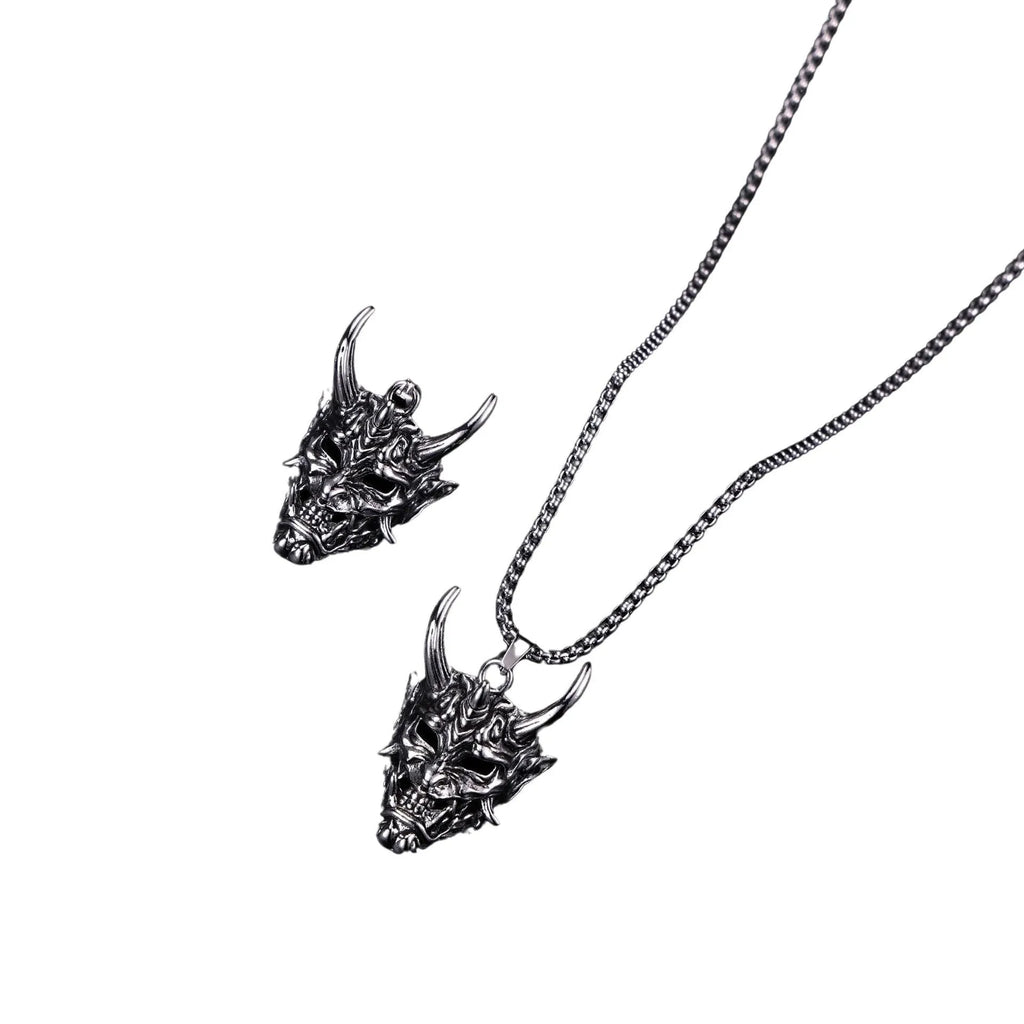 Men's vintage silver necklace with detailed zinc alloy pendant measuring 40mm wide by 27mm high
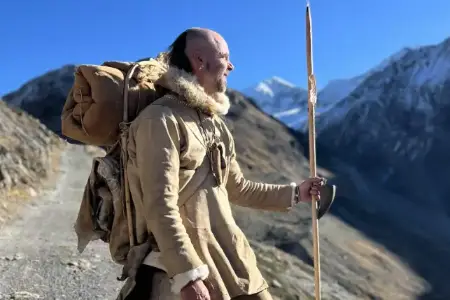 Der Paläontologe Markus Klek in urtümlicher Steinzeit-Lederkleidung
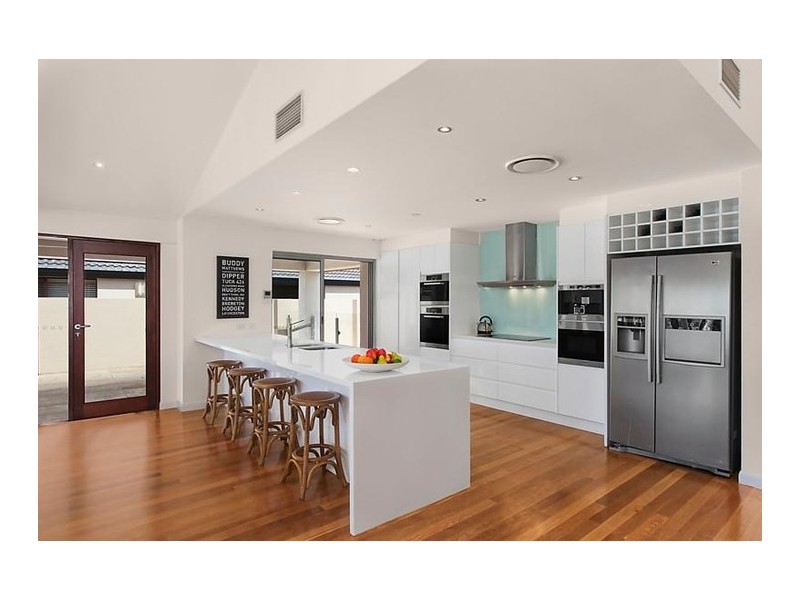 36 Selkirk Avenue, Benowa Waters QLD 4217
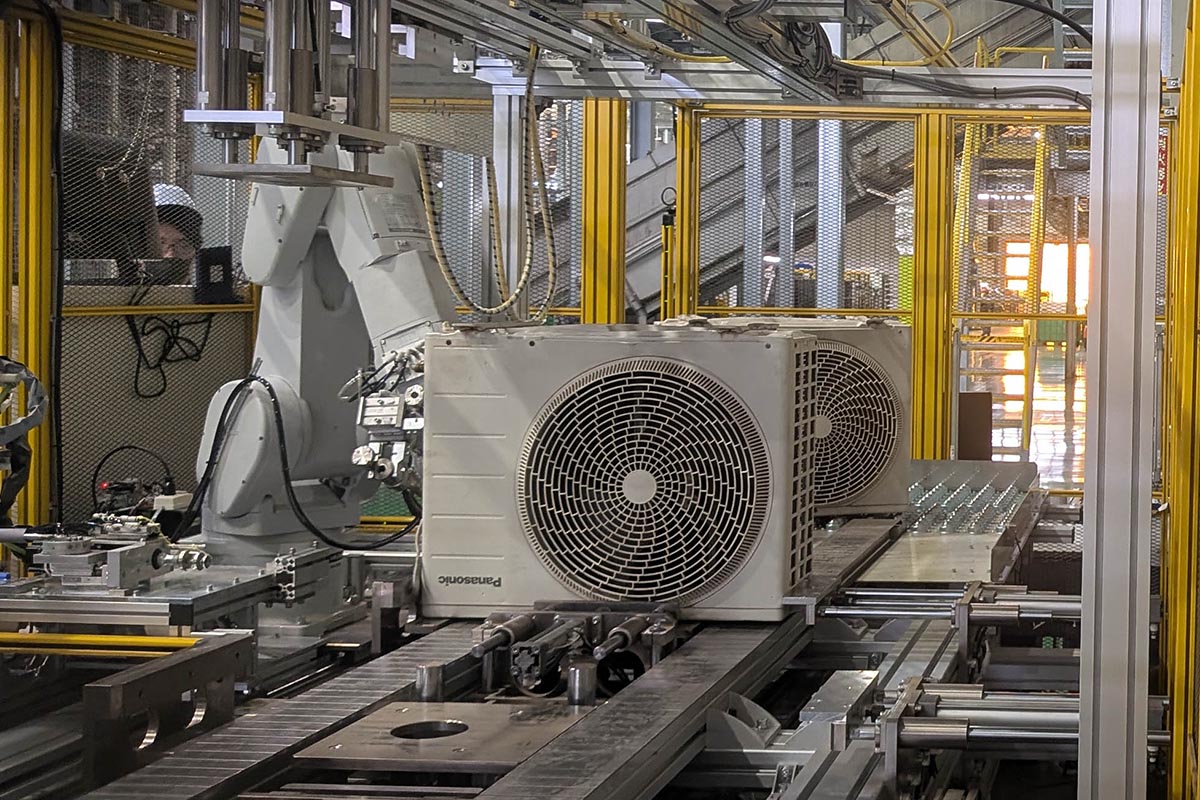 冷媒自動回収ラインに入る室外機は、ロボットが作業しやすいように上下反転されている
□ □ □ □
*Exercise instructions*:
Copy the material shown above in full and exactly. Skip the pictures.

*Response area*:
 Men's vintage silver necklace with detailed zinc alloy pendant measuring 40mm wide by 27mm high
 Der Paläontologe Markus Klek in urtümlicher Steinzeit-Lederkleidung
 36 Selkirk Avenue, Benowa Waters QLD 4217
 冷媒自動回収ラインに入る室外機は、ロボットが作業しやすいように上下反転されている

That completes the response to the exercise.